3 of 3 people found the following review helpful
on 18 January 2000
This is an interesting read especially for those of us concerned to ensure that the advance of "industrial" wine producers and multinational corporations does not swamp and overwhelm the skills, individuality and commitment of that keen band of winemakers who are passionate about the produce of their vineyards and who want to retain wines which do not fall into easy classifications, nor necessarily "easy" or unchallenging drinking.
on 20 April 2012
I read a lot of books about wine and this author/book was referred to in one I was reading. So I looked for it and discovered it was out of print and I bought an ex library copy through Amazon. The author sets out to answer several very relevant questions about wine; eg does wine taste of place or grape or about the method of the winemaking? Why does some wine taste better than others? Do small producers make better wines than large ones? These questions may look simple, but as wine lovers know they are not.
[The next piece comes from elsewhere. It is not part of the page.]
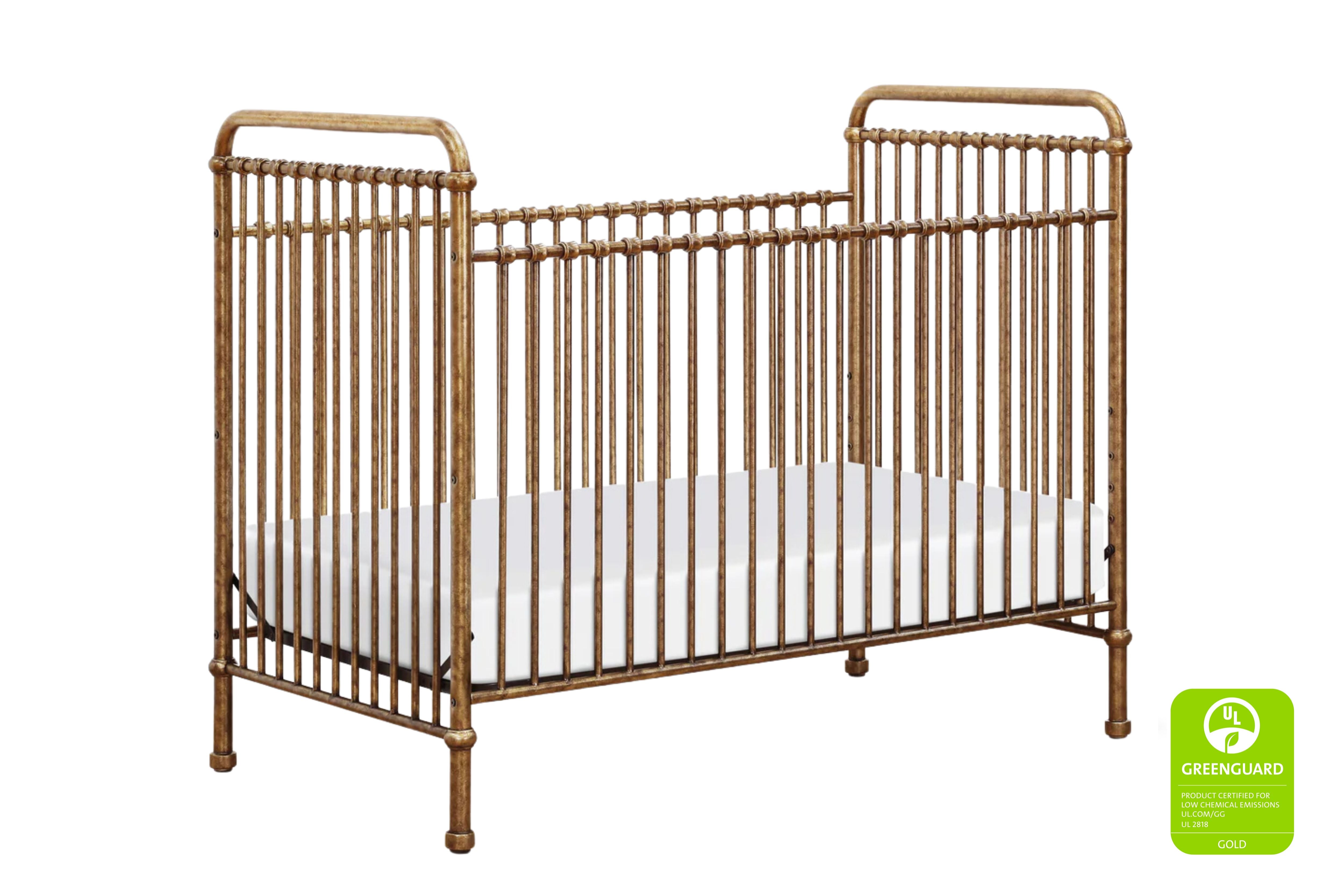 Namesake Abigail Convertible Crib in Vintage Gold #color_vintage-gold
I particularly liked how the author approached the issues with an open mind. The discussions in this book are similar to those encountered in another book which I read at the same time (The Battle for Wine and Love by Alice Feiring) but I preferred Patrick Matthews much more objective style.
I admit that anyone who reads or re-reads this sort of book needs to be a real wine freak to enjoy it. But there are many of us about I suspect and this book is surely something we should have on the shelf to help us make and enjoy a good cellar.